ICCP:ICC Color Profile
ICC color profile for color management. PicScrub preserves by default to maintain color accuracy.
VP8X Flags
The VP8X chunk acts like a table of contents, telling decoders what to expect in the file. When we remove metadata chunks, we also need to update these flags, otherwise the decoder will look for data that isn't there.
Flag Bits
Why Flags Matter
When PicScrub removes EXIF/XMP chunks, it must also update the VP8X flags to reflect their absence. Otherwise, decoders may expect data that isn't there.

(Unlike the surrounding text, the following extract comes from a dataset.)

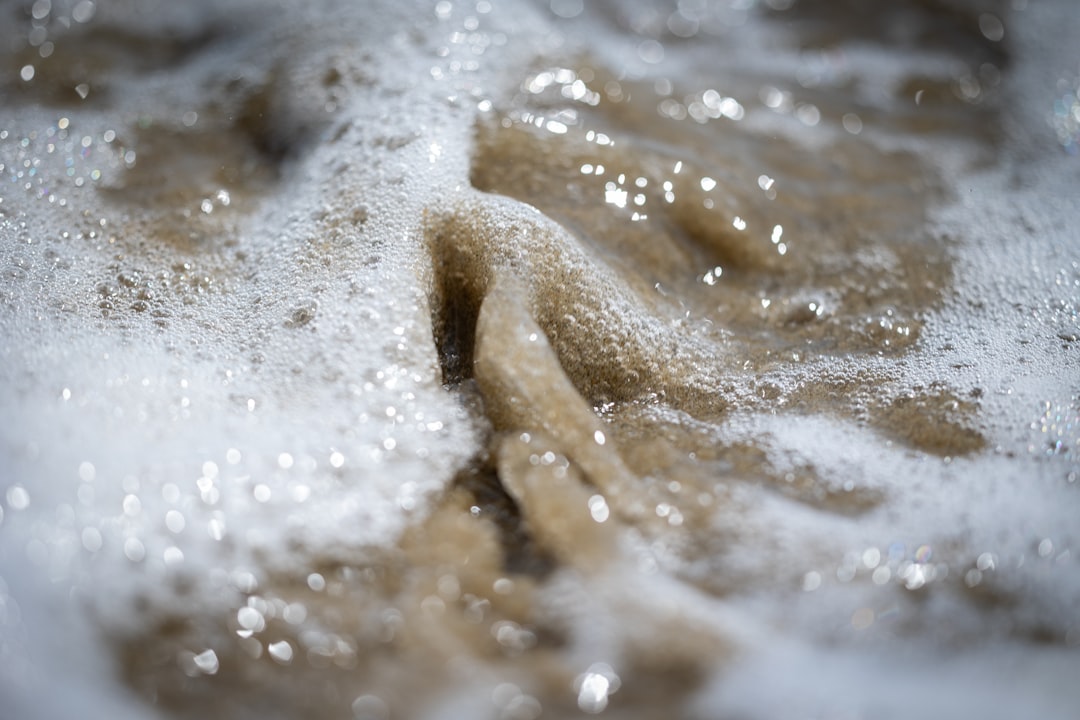 2026洗浴足疗业智能图景：从指尖算法到沉浸式健康体验的数字化转型实践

How PicScrub Processes WebP
Validate RIFF Header
Check for RIFF....WEBP signature
Parse Chunks
Iterate through all RIFF chunks, reading FourCC and size
Remove Metadata Chunks
Skip EXIF and XMP chunks when writing output
Update VP8X Flags
Clear EXIF/XMP flag bits in VP8X chunk
Recalculate File Size
Update RIFF header with new total file size
Preserved
- • VP8/VP8L image data
- • ALPH alpha channel
- • ANIM/ANMF animation data
- • ICCP color profile (optional)
Removed
- • EXIF metadata
- • XMP metadata
Simple vs Extended WebP
If a WebP file doesn't have a VP8X chunk, it's a "simple" WebP: just the RIFF wrapper around a single VP8 or VP8L chunk. No metadata is possible in simple WebP files, so if you're privacy-conscious, these are ideal.
Simple WebP
Contains only VP8 or VP8L chunk. No metadata possible.
Extended WebP
Has VP8X chunk enabling metadata, alpha, animation.